Conserving and managing habitat for animals requires robust models to predict their space use. The functional response in habitat selection posits that animals adjust their habitat selection according to availability.
Habitat availability can change over short time periods and small spatial distances, and thus failing to account for changes in habitat availability while modelling may not produce reliable predictions in the near–term or future. However, because individuals may respond to habitat availability differently, the functional response is also limited for predicting habitat selection by individuals.
Using a functional response in elk (Cervus canadensis) selection for mixed forest in response to road proximity, we compared habitat selection predictions made by population-level resource selection functions (RSFs) with random effects to incorporate individual differences in selection, to generalized functional response (GFR) RSFs.

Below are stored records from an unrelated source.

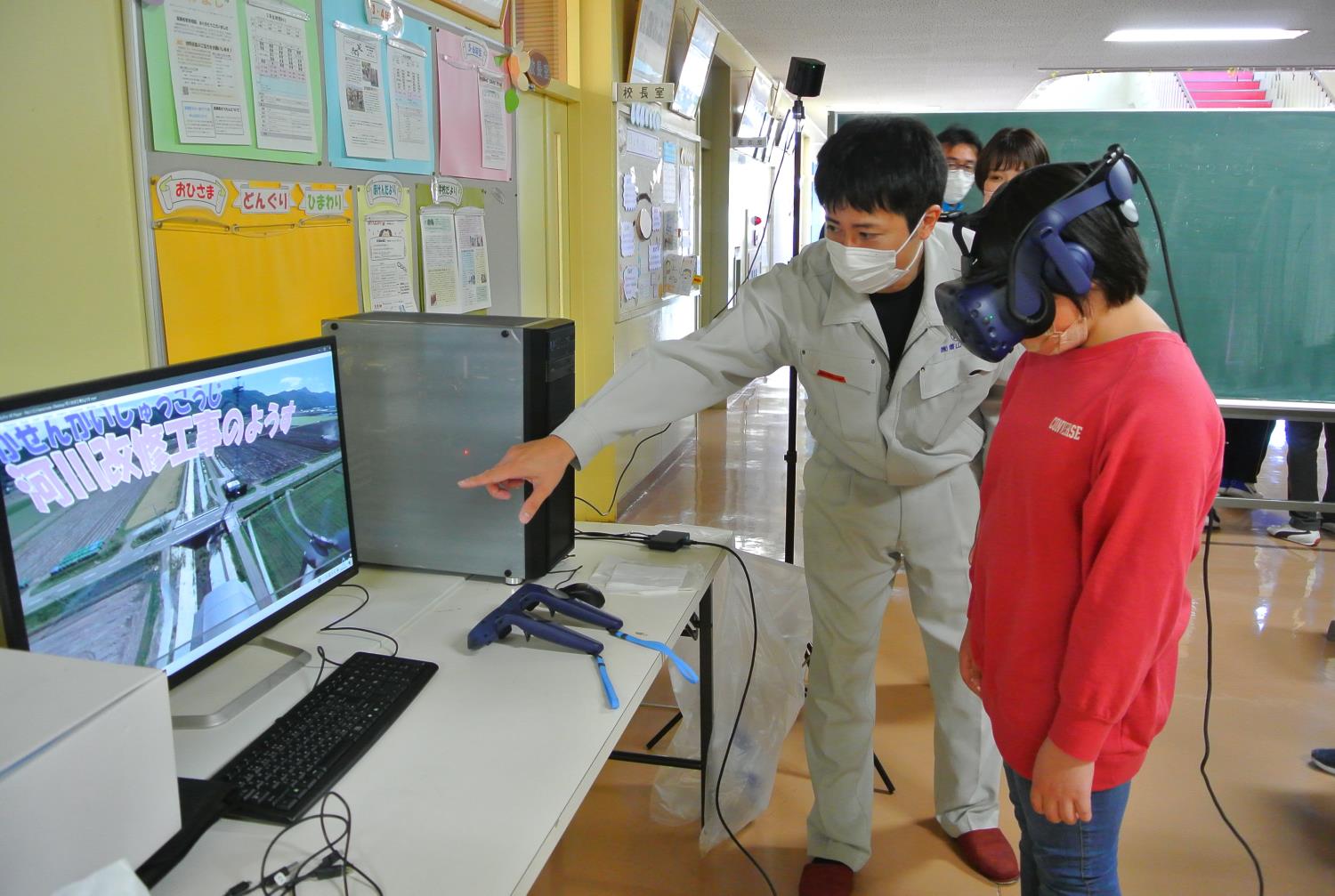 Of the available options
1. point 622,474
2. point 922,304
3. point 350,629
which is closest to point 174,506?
point 350,629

We found that since not all individuals followed the road-dependent functional response, the random effects model both predicted the distributions of individuals more accurately (R2 = 0.62 vs. R2 = 0.51) and produced coefficient estimates that matched their selection for mixed forest and distance from roads better than the GFR model (RMSE = 0.25 vs. RMSE = 0.29 and 0.37 vs. 0.46).
Individual habitat selection often varies within populations, and revealing those differences shows how individuals help populations respond to environmental change. We suggest that evaluating individual differences using multiple predictive approaches is necessary to forecast long–term habitat selection.